→ Exercise goal
The pictures get dropped, while every remaining part of the listing is copied exactly.

(Beginning of Given data)

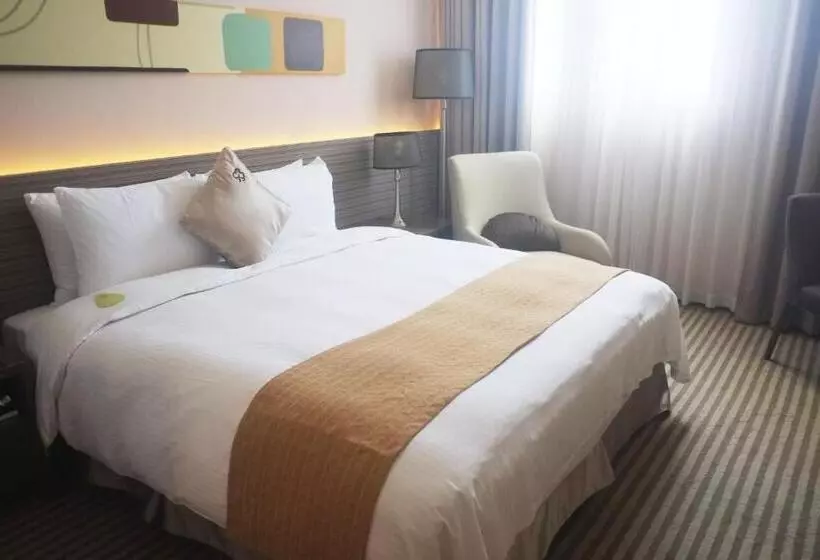 سوییت, Park City Hotel Luzhou Taipei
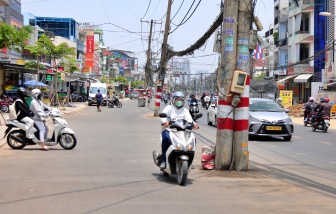 Đi đường Nguyễn Thị Định, vừa chạy xe vừa lo tông cột điện
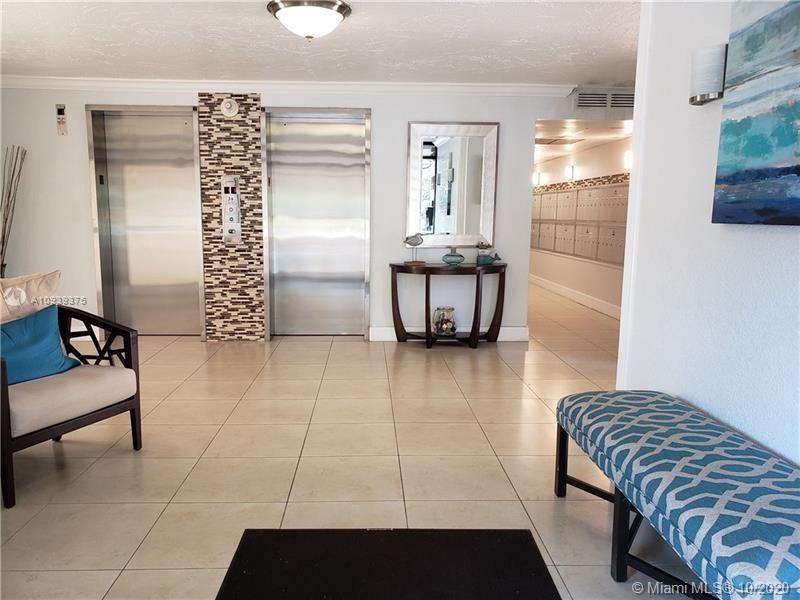 Pompano Beach, FL 33069,605 Oaks Dr #306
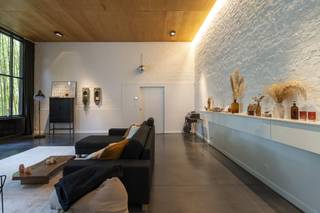 Entrez dans cet impressionnant ancien bâtiment scolaire qui a été transformé avec une grande attention aux détails et à la qualité en une...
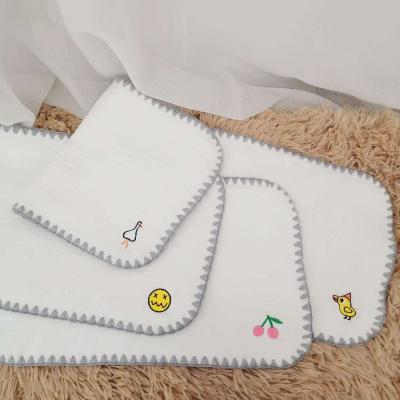 China Beautiful PORTABLE Breathable Pure Cotton Embroidered Baby Pillow Baby Head Pillow For Newborn Infant for sale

(End of Given data)

→ Result
 سوییت, Park City Hotel Luzhou Taipei
 Đi đường Nguyễn Thị Định, vừa chạy xe vừa lo tông cột điện
 Pompano Beach, FL 33069,605 Oaks Dr #306
 Entrez dans cet impressionnant ancien bâtiment scolaire qui a été transformé avec une grande attention aux détails et à la qualité en une...
 China Beautiful PORTABLE Breathable Pure Cotton Embroidered Baby Pillow Baby Head Pillow For Newborn Infant for sale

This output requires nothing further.